88-93 Mazda B-Series...sweet little trucks!


----------



## ANT

GLN305 said:


> 88-93 Mazda B-Series...sweet little trucks!


 My first truck was a b-2000


----------



## JayinMI

Syclones and Typhoons were Turbocharged. Only built in 90-91 for the Syclone, 90-93 or 91-93 for the Typhoon, IIRC. They're hard to come by.
I'm a huge fan of 1st gen S-10's tho. But I also liked my Colorado.

The Vette people (at GM) were pissed because it the trucks were faster than the "supercar" they made. 

A friend of mine is building one for show...and GO! 

Jay


----------



## 2500hd

Get an extended cab or 4 door, that way the cabin gain will be in a more usable frequency range.


----------



## Brian10962001

The Chevy S10 cannot be beat.


----------



## ANT

Brian10962001 said:


> The Chevy S10 cannot be beat.


Can not be beat in terms of SPL builds?

ANT


----------



## ChrisB

The older S10 is one of the holy grails when it comes to SPL vehicles. For a car, the CRX is hard to beat.

ETA: I think a SS SPL vehicle would be a great tax write off as well as a marketing tool.


----------



## dovogod

At my old shop we did a 172.4 with a mitsubishi mighty max. Really I would just recommend whatever you can get the cheapest. By the time its done it will only have one purpose and so I wouldn't waste extra money on power or a certain look.


----------



## OSN

DIYMA said:


> My first truck was a b-2000


x2- and I had 2 of them! One was a blow-through. Do eeet!


----------



## savagebee

is it going to be for competitions?

Which one?

For bass race or a pure demo car do something unique. Old hurse, something like a nomad, or big old caddy, etc.

For pure spl comps Id get an s10 and a camper shell


----------



## crux131

Please don't do it to a Sy/Ty, though one of them wouldn't really make a good budget option.
I love 86-93 mazdas as I have had an86 and a 90 model. Mitsubishi/Dodge d-50's are not usually expensive but you don't see as many as Mazdas and s-10's.
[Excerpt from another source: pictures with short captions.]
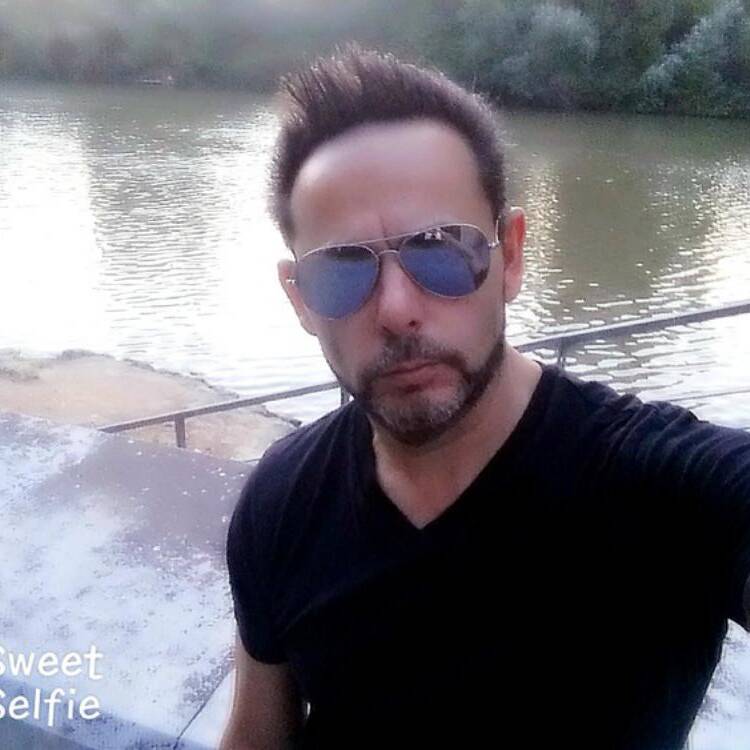 Foto de perfil de Pedro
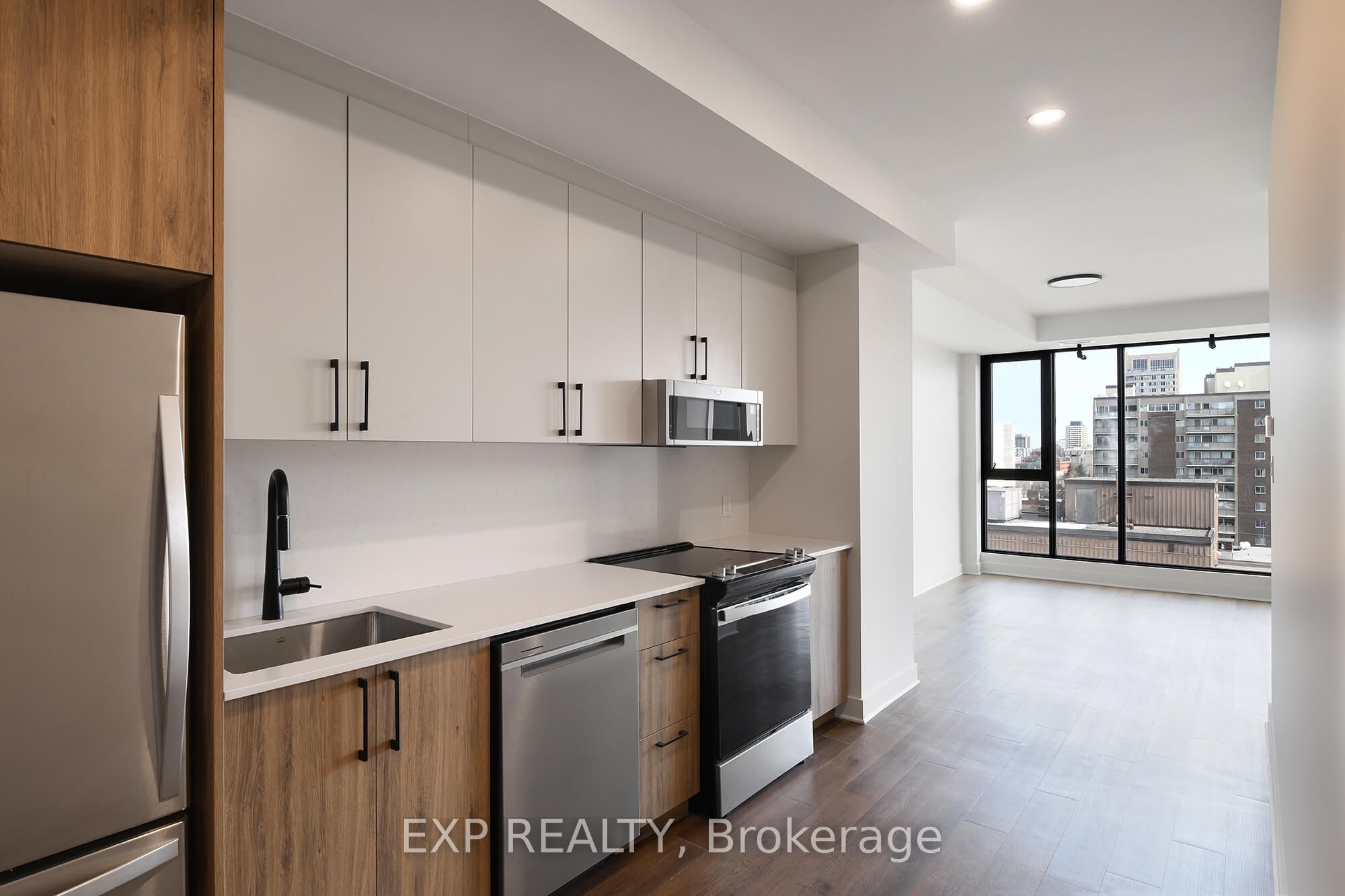 Residential Lease in Ottawa Centre 2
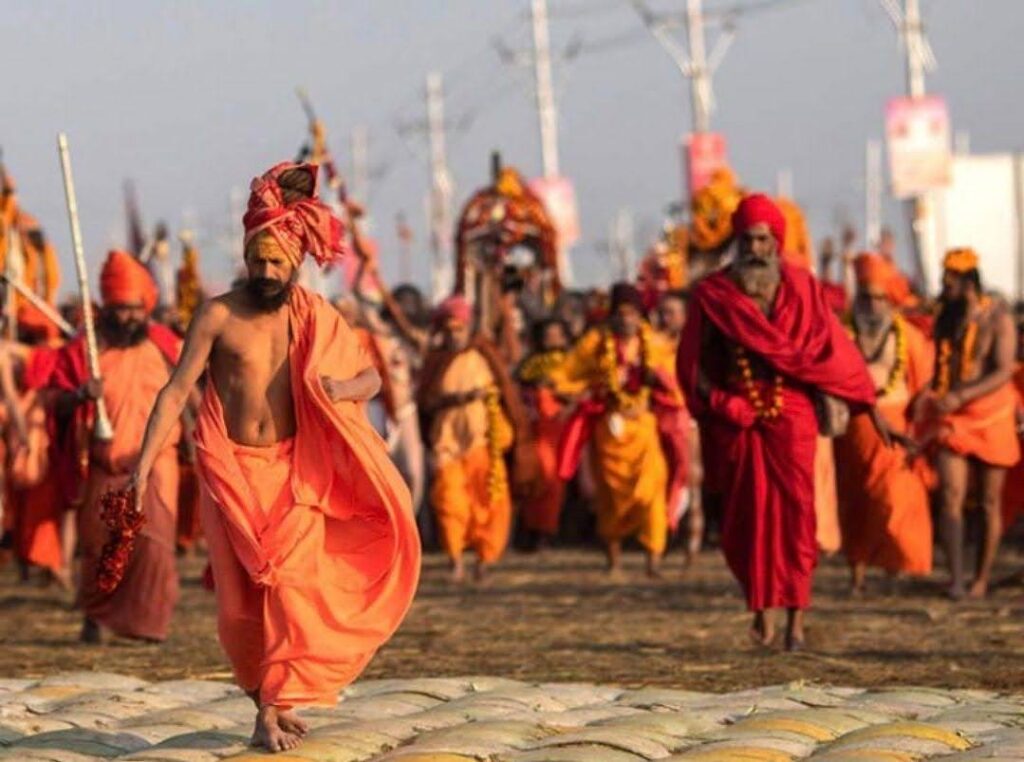 महाकुंभ 2025 , महाकुम्भ २०२५ में कौन से विस्व्ह रिकॉर्ड बने 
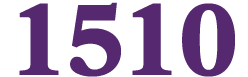 1510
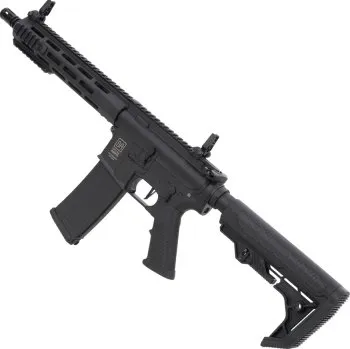 Sportovní střelba SA-F03 FLEX™ Light Ops HAL ETU Gen.2 - Černá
An S-10 would be the easiest to source and have the most bolt on suspension and body accessories available.


----------



## Brian10962001

S10s are attractive, easy to lower, parts are everywhere, they are just about the universal vehicle. I have a lowered single cab S10 and an S10 Blazer 4X4, different ends of the spectrum LOL. I see them packed with V8's, slammed to the frames, raised to the sky, they're just a great platform because of the support. I vote for an older S10 then you can give it the Sy/Ty treatment if you would like (don't really need the turbo and such so why pay the premium).


----------



## splaudio1

im picking up an 88 s-10 single cab short box fully shaved and primered with a shell and my notch/gen 2 bridge kit welded in with static drop for 600$ oh and it comes with a solid shell lol he wanted a laptop and a blackberry and i just happened to have them laying around so now i owe him 450 and spl is calling me too so i suggest a dime


----------



## ANT

I think an s-10 might be my best bet because of al l the easy mods that are available. Tons of bolt on crap, and easy to work on.
Anyone have suggestion on a specific year that would be best?
What was the last year they made them before switching over to the Colorado?


----------



## kh971

1988 was the one I had and i loved it with my Leer cab high cover!! It helped that my dad built and ran the Leer plant. When I made my cover I layed the fiberglass heavy and minimized the flexing.


----------



## POLKAT

1993 was the final year of the 1st gen S-10 body style.

The GMC Sonoma/S-10 body style lasted until 2005.


----------



## mikey7182

DIYMA said:


> I think an s-10 might be my best bet because of al l the easy mods that are available. Tons of bolt on crap, and easy to work on.
> Anyone have suggestion on a specific year that would be best?
> What was the last year they made them before switching over to the Colorado?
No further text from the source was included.